Dicevo prima che, in questo romanzo, Mark Twain muta totalmente lo stile ed il tipo di trattazione precedenti. Infatti il romanzo, narrato tutto in prima persona da Huck, in un linguaggio volutamente imperfetto e rozzo, ma tutt'altro che fastidioso o faticoso, è soprattutto un grande acquerello della vita della frontiera americana della prima metà del XIX secolo, con tutti gli stereotipi che abbiamo imparato a conoscere.
Come tutti i ragazzi della mia epoca Tom e l’inseparabile amico Huck erano stati compagni delle mie letture infantili, ma non mi ero mai avvicinato alle "Avventure di Huckleberry Finn". Nella mia riscoperta di Mark Twain, quindi, ho ripercorso l’intero tragitto per giungere a questo romanzo che da un lato mi ha piacevolmente stupito e dall'altro mi ha deluso.
Lo stupore è nato dallo scoprire proprio la marcata differenza di cui dicevo, il primo è dichiaratamente un libro per ragazzi, questo, no, è un volume adulto che fa riflettere e meditare parecchio.
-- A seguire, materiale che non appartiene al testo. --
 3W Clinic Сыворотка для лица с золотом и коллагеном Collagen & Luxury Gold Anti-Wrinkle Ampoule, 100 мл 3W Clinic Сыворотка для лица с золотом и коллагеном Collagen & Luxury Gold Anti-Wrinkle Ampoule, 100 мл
La delusione, paradossalmente, è nata proprio da questa constatazione. Con il materiale che aveva Clemens, poteva nascere un libro di altissima letteratura oltre che di seria denuncia, ma l’autore non si è sentito di spogliarsi totalmente dalle vesti di scrittore umoristico. Così, purtroppo, scherza troppo con temi molto seri che, invece, meriterebbero una più audace presa di posizione. Un lettore moderno, smaliziato e cinico, si aspetterebbe che il povero Huck, vessato dal padre violento e posto a contatto con una realtà cruda e spietata, si comporti in modo più dolorosamente maturo di quanto in effetti faccia; che ragioni in modo più rudemente critico. Invece pare sempre ammantato della stessa gioiosa ingenuità che forse aveva Clemens alla sua età. Ingenuità che poteva essere giustificata nell'autore (almeno sino ai 13 anni), figlio di un agiato avvocato, ma lo è molto molto meno in un ragazzino che deve lottare per ogni pagnotta che mangia.
È un peccato, poi, che le varie avventure vissute da Huck, come spettatore o come co-protagonista, tutte crudamente reali, siano ammannite nella loro chiave più buffonesca e lieve. Piuttosto irritanti, infine, sono i due interludi, iniziale e finale, in cui compare Tom. Soprattutto la parte finale con i piani di evasione di Jim, che tanti strali ha ricevuto anche dalla critica americana, risulta ostica. Non posso negare che Clemens riesca a strappare più di una fragorosa risata con le trovate per rendere rocambolesca l’evasione di Jim. Tuttavia il riso diviene amaro sol pensando con la testa di chi, nella fattispecie, si trova a subire le angherie dei due furfantelli. Soprattutto non si comprende come Huck, ancor più maturato durante il suo lungo viaggio, si faccia trascinare nuovamente da Tom nelle avventure frutto della sua fervida fantasia, quando ben ha compreso quanto sia dura l’avventura che la vita stessa rappresenta.
Mi rendo conto che l’epoca in cui visse l’autore, anche dopo il 1865, non gli consentisse di fare clamorosi proclami antischiavisti o di denuncia sociale e che una eccessiva drammatizzazione dei fatti avrebbe snaturato totalmente il tenore che al libro voleva dare, tuttavia non avrebbe danneggiato l’impianto generale una maggiore consapevolezza dei ruoli dei singoli personaggi.
Proprio per questi motivi tra i vari personaggi chi giganteggia non è il protagonista/narratore, Huck, ma Jim che si dimostra l’individuo più veramente e profondamente umano tra tutti, con una sensibilità e generosità d’animo tale da fargli rinunciare alla libertà raggiunta pur di salvare chi lo aveva “aiutato”, anche se con tutte le crudeli difficoltà inventate per puro gioco.
Conclusivamente, comunque, il libro è estremamente piacevole da leggere e, pur con tutte le sue manchevolezze, dovrebbe appartenere al bagaglio culturale di ognuno di noi.